Avería y redención
No me gustan las canciones de amor, y sí, mucho, las que van desde la cima a la caída y la asunción de la pérdida. Eso lo aprendí de las novelas de la Generación Perdida, las que me descubrió mi amigo Joaquín y luego amplié en la música con Quique González. Todo fue rápido, sutil y extraño, pero me adentraron en un universo que, con el paso del tiempo, reconozco como una preparación.
Todo estaba por venir, pero no lo sabía. Y el momento exacto llegó con una columna sobre un disco de Quique González (luego serían todos). Tocaban los Taxi Drivers en Ajuste de Cuentas los grandes éxitos que cantaba Quique y, en aquel directo, retumbaba en el pecho Y los conserjes de noche.
En aquel momento no lo entendí, pero había un secreto en aquella canción, que me emocionaba sin respuestas a las preguntas que no sabía formular. Luego llegó Avería y Redención y, entre la joya y rareza que convivía en aquel disco, seguían las preguntas sin enunciado y las respuestas por venir.
Cuatro años después cambio mi vida para siempre. Fue una noche definitiva de agosto cuando me enamoré por segunda vez en mi vida y el cambio de rumbo fue tan rápido y con el suspense que aguarda en el latido de aquellas canciones. Y fue el tiempo en que Madrid se convirtió en mi segunda casa o, quizá, en la primera.

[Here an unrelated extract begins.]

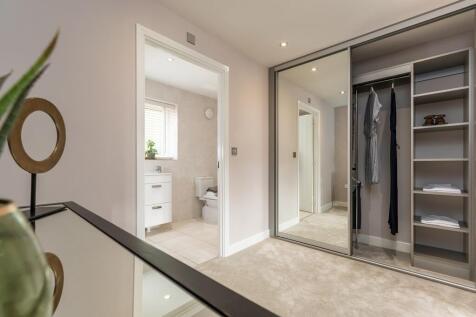 Dressing area with space for fitted wardrobes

Había un bar al lado de la calle Hortaleza, donde hice lo que nunca pensé y le pedí que se casará conmigo. Visitábamos aquel sitio con frecuencia y un día estaba allí, Quique González, acompañado por Leiva, cuando era menos famoso. Después, ella se vino a Córdoba, o me la traje sin saber lo que me iba a arrepentir de dejar aquella ciudad que me abrumaba y, como un veneno, me atrapaba en cada esquina.
Y los conserjes de noche cobró todo su sentido y lo vi cuando ya era demasiado tarde. Hace una semana volvimos allí y me odié por habérmela traído, pero estábamos allí y, aunque no me gusten las canciones de amor, le tarareé una a la ciudad que me hizo feliz.